● PROBLEM REQUIREMENTS: Copy out the lines of the records below, and only those lines, from the one with "Eclipse of Faith by Steve Whigham" through the one with "Spectacular Stories for", exactly as they appear.

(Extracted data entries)

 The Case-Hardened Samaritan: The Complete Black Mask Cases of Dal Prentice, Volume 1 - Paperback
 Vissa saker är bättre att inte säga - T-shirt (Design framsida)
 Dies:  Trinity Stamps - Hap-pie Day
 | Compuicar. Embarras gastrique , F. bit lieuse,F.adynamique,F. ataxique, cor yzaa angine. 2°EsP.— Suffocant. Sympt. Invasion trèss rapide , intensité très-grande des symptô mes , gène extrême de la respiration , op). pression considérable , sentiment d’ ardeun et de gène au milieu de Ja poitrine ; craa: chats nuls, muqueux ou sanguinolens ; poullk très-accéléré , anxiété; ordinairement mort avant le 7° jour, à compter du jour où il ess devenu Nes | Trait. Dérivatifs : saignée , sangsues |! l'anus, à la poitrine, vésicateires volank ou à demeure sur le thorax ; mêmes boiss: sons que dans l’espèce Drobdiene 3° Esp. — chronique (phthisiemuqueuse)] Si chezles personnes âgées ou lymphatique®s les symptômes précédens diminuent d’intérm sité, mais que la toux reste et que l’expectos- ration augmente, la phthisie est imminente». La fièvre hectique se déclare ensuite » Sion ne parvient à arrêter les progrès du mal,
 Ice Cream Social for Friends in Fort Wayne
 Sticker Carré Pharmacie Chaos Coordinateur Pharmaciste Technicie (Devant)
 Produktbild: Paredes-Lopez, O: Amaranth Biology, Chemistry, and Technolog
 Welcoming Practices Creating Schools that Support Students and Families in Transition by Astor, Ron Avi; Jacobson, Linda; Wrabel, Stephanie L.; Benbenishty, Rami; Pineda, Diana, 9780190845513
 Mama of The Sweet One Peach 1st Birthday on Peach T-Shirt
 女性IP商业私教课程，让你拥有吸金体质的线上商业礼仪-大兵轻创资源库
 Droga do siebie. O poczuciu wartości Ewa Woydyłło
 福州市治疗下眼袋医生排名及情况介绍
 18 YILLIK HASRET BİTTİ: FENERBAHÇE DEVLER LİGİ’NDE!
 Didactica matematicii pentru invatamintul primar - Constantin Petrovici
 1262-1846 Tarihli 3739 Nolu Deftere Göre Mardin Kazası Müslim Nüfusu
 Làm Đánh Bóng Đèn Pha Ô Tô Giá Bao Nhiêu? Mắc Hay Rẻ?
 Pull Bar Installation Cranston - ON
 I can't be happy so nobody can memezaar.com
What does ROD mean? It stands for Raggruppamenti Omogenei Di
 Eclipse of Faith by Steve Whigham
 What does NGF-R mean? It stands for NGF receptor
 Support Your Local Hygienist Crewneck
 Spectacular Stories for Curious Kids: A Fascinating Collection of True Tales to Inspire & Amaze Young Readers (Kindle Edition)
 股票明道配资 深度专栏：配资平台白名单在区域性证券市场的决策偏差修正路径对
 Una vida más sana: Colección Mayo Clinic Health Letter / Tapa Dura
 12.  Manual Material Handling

● WRITTEN RESPONSE:
 Eclipse of Faith by Steve Whigham
 What does NGF-R mean? It stands for NGF receptor
 Support Your Local Hygienist Crewneck
 Spectacular Stories for Curious Kids: A Fascinating Collection of True Tales to Inspire & Amaze Young Readers (Kindle Edition)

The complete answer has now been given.